Dans ce contexte dégradé, où les idéologies dominent sans dire leur nom, l'on peut craindre une montée de la grogne sociale. Ce d'autant plus que le débat démocratique fondé sur l'échange verbal - parfois musclé - et le débat animé est de plus en plus souvent perçu comme une agression insupportable ("cessez de m'agresser verbalement" est devenu l'arme des minus habens pour réduire leur adversaire à quia) dans notre société postmoderne. Place au consensus mou sur des lois politico-économiques réputées universelles, sous peine de passer pour un extrémiste. L'on retrouve ici une logique néolibérale proche de celle décrite par Walter Lippmann, suivant laquelle le monde (en particulier économique) devrait être gouverné par des experts, seuls capables de comprendre les règles économiques universelles immuables. Ces dernières rendent d'ailleurs de facto inutiles la confrontation de projets de sociétés différents, et subséquemment les débats contradictoires dans le cadre de l'agon, bien qu'ils soient depuis plus de deux millénaires l'essence même de la démocratie. Le lecteur intéressé par ces questions pourra utilement se reporter à une longue analyse que j'avais faite en 2020.
Enfin, comme chaque année, je rappelle aussi que nous ne sommes jamais à l'abri d'un cygne noir, tant les fragilités sont nombreuses... La crise sanitaire en fut un exemple probant en 2020 !
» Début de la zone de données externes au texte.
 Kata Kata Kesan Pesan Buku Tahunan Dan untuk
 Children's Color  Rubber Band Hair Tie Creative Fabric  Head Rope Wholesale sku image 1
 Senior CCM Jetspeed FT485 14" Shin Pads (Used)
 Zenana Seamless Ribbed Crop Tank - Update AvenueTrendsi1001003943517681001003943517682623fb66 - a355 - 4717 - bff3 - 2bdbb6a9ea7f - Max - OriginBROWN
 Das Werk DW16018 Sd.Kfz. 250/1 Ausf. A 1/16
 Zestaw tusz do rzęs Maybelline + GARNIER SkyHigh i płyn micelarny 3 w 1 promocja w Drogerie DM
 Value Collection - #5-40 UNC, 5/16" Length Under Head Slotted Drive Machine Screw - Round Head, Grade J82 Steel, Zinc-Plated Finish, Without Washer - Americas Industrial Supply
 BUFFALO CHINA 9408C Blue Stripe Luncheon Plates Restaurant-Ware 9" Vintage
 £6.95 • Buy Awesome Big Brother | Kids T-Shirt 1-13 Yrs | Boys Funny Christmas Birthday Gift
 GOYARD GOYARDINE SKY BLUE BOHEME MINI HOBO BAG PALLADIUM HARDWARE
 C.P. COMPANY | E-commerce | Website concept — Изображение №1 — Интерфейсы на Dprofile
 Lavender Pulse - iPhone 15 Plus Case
Sur ce, je tiens à vous remercier chers lecteurs pour votre fidélité et vous prie de recevoir mes meilleurs vœux (l’indispensable santé en premier) pour cette année 2023 ! Merci pour vos commentaires, partages, liens et encouragements, qui me touchent et m'incitent à continuer mes analyses sur ce blog malgré le temps qui me fait toujours plus cruellement défaut depuis que je mène mes recherches sur la monnaie.